◆ Exercise requirements:
Nothing below is to be printed except the lines between the line holding "Pink Agate Geode" and the line holding "Спортни обувки на", inclusive, each exactly as it appears.

◆ Source material:
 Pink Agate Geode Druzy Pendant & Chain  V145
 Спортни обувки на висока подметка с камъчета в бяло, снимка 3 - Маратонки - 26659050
* * *
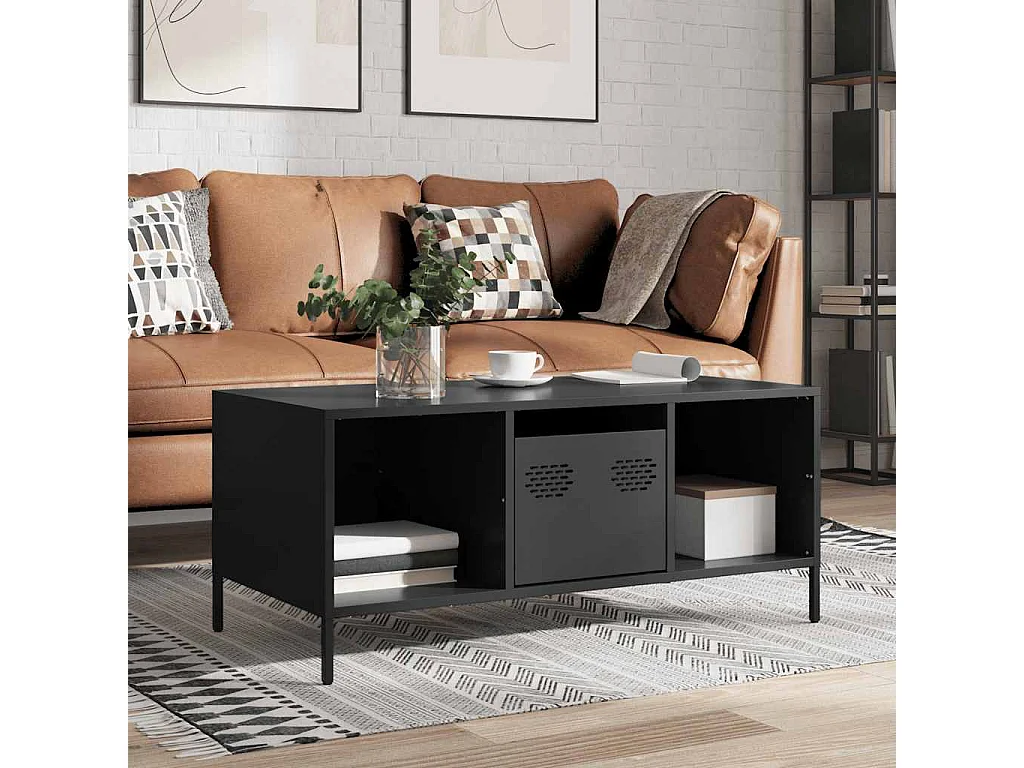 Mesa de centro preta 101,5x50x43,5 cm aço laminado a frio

◆ Answer to this exercise:
 Pink Agate Geode Druzy Pendant & Chain  V145
 Спортни обувки на висока подметка с камъчета в бяло, снимка 3 - Маратонки - 26659050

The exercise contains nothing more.